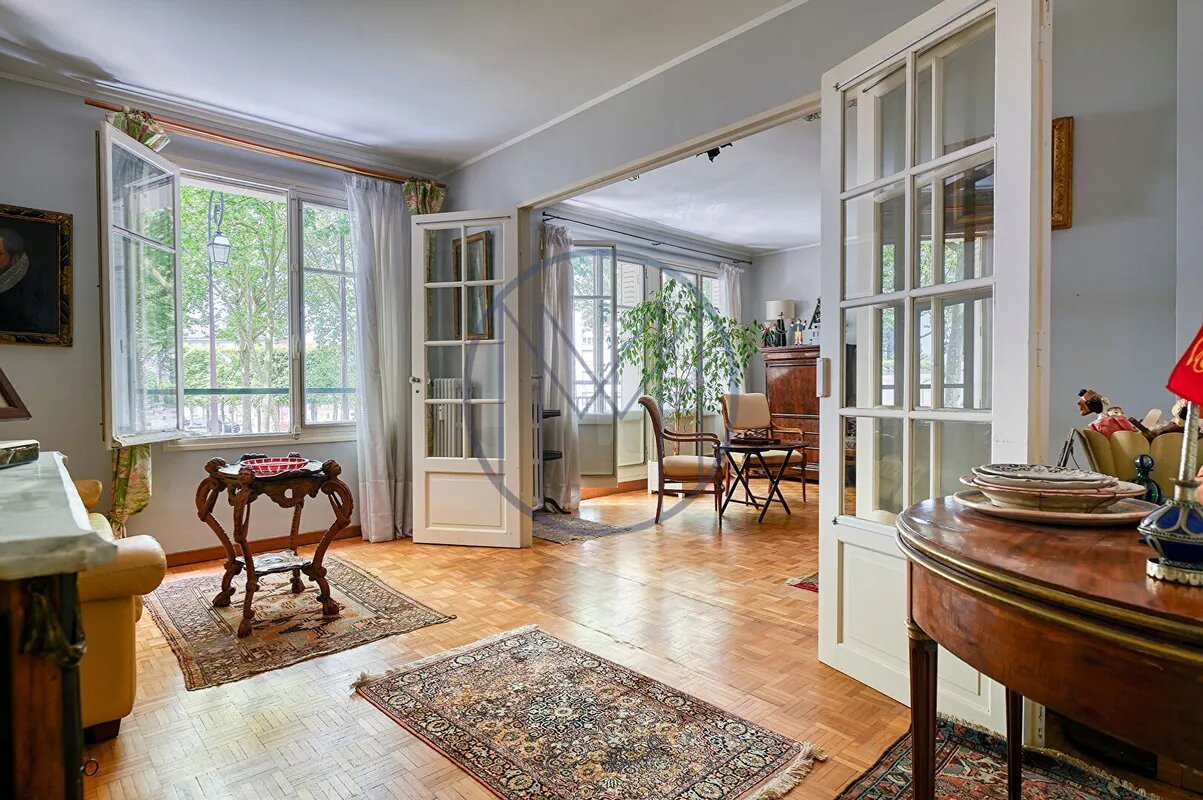 Appartement à vendre, 95m², Versailles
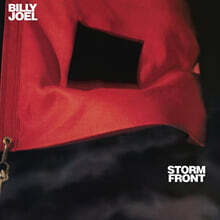Billy Joel (빌리 조엘) - 11집 Storm Front [LP]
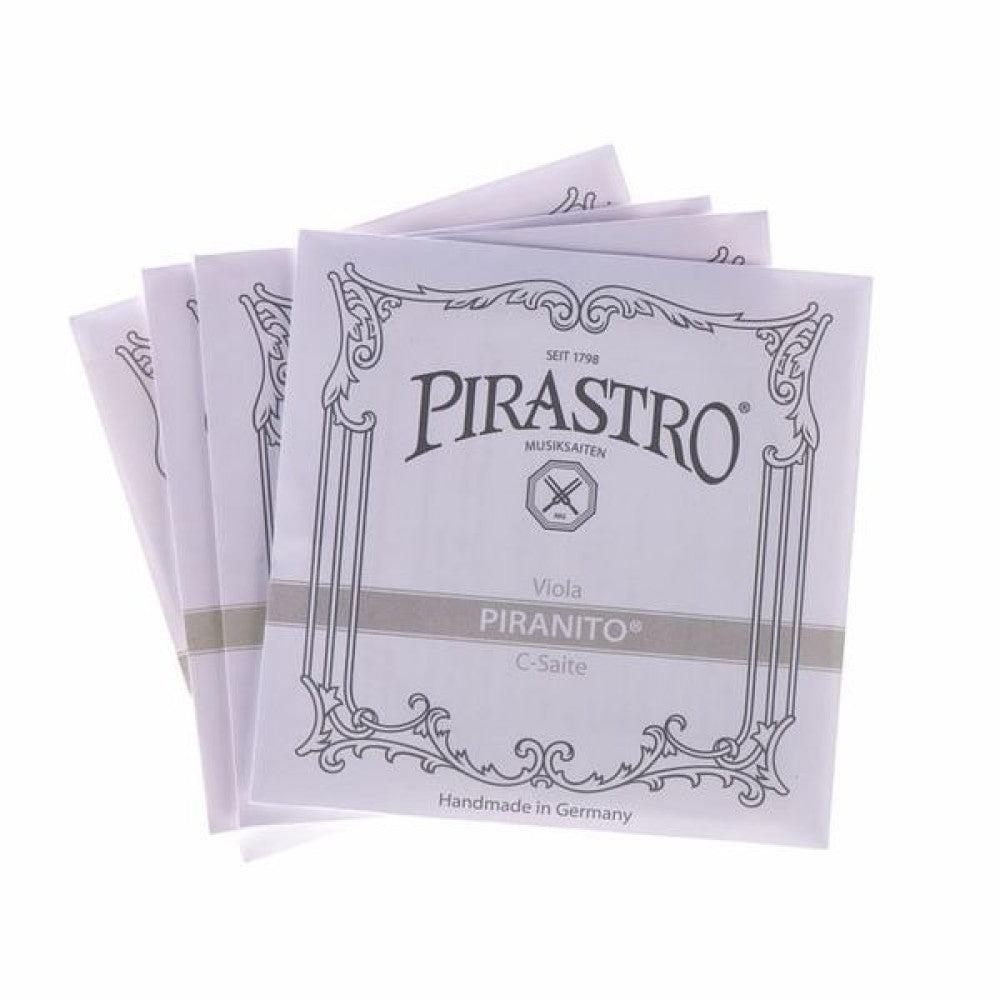 Juego Cuerdas Pirastro Viola 4/4 Piranito 625000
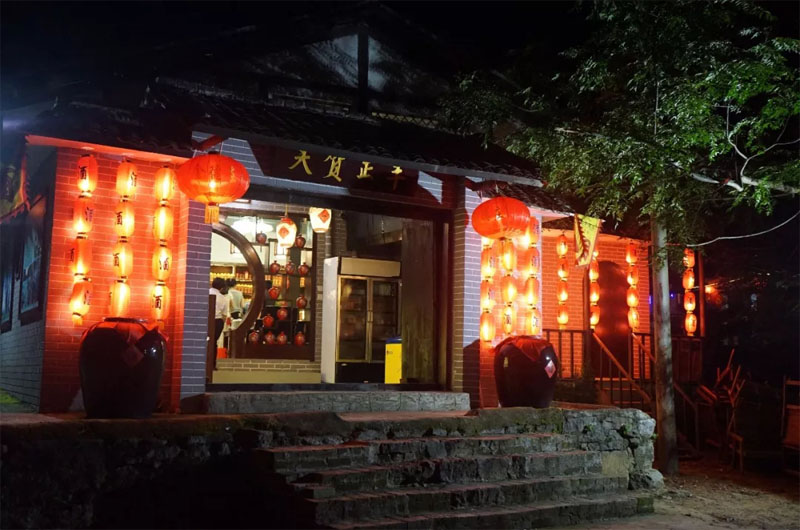 博皓游記 | 夏風(fēng)微醺的綺夢(mèng)，領(lǐng)略賀州黃姚古鎮(zhèn)、姑婆山閑憩之美-3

Task objective -> In transcribing the listing, keep each word as it is and drop the pictures.

Output ->
 Appartement à vendre, 95m², Versailles
Billy Joel (빌리 조엘) - 11집 Storm Front [LP]
 Juego Cuerdas Pirastro Viola 4/4 Piranito 625000
 博皓游記 | 夏風(fēng)微醺的綺夢(mèng)，領(lǐng)略賀州黃姚古鎮(zhèn)、姑婆山閑憩之美-3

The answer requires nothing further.